**TASK REQUIREMENTS**: Starting with the line that contains "Stainless steel long necklace", copy every remaining line of the data below exactly, the last one included.

**AVAILABLE RECORDS**:
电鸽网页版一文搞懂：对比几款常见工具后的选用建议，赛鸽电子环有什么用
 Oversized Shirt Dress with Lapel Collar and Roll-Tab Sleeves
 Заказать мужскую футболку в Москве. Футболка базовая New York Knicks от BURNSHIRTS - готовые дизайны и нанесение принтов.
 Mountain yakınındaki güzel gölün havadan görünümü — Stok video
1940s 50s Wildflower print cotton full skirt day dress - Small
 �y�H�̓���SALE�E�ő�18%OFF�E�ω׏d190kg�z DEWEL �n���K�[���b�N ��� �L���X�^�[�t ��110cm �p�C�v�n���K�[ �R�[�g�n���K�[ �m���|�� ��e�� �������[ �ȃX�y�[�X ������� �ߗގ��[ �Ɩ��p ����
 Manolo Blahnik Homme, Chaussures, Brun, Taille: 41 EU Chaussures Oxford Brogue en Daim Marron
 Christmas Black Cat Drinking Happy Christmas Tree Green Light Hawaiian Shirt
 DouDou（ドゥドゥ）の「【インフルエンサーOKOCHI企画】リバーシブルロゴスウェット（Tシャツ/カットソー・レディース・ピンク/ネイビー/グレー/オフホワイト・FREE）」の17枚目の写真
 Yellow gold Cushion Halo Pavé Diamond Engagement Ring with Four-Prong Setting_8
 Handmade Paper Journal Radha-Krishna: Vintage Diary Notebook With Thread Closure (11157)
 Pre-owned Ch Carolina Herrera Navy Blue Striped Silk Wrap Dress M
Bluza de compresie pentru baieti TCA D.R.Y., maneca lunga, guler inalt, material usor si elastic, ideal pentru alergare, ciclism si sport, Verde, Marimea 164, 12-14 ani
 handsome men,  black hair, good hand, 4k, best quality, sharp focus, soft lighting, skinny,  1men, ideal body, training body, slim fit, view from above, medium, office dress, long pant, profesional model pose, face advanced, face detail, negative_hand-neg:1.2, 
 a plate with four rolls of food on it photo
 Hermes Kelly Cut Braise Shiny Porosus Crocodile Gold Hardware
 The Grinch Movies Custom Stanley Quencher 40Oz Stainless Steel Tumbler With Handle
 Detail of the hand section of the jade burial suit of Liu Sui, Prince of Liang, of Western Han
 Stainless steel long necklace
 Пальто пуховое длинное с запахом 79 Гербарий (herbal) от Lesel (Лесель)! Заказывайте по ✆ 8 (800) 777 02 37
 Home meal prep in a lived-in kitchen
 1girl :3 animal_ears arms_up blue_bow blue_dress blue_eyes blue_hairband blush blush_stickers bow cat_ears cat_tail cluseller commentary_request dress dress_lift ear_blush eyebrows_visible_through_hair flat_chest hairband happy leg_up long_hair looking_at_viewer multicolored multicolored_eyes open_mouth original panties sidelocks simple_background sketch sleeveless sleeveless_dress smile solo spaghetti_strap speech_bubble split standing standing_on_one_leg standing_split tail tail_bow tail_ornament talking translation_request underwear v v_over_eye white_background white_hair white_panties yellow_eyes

**SOLUTION TO THIS EXERCISE**:
 Stainless steel long necklace
 Пальто пуховое длинное с запахом 79 Гербарий (herbal) от Lesel (Лесель)! Заказывайте по ✆ 8 (800) 777 02 37
 Home meal prep in a lived-in kitchen
 1girl :3 animal_ears arms_up blue_bow blue_dress blue_eyes blue_hairband blush blush_stickers bow cat_ears cat_tail cluseller commentary_request dress dress_lift ear_blush eyebrows_visible_through_hair flat_chest hairband happy leg_up long_hair looking_at_viewer multicolored multicolored_eyes open_mouth original panties sidelocks simple_background sketch sleeveless sleeveless_dress smile solo spaghetti_strap speech_bubble split standing standing_on_one_leg standing_split tail tail_bow tail_ornament talking translation_request underwear v v_over_eye white_background white_hair white_panties yellow_eyes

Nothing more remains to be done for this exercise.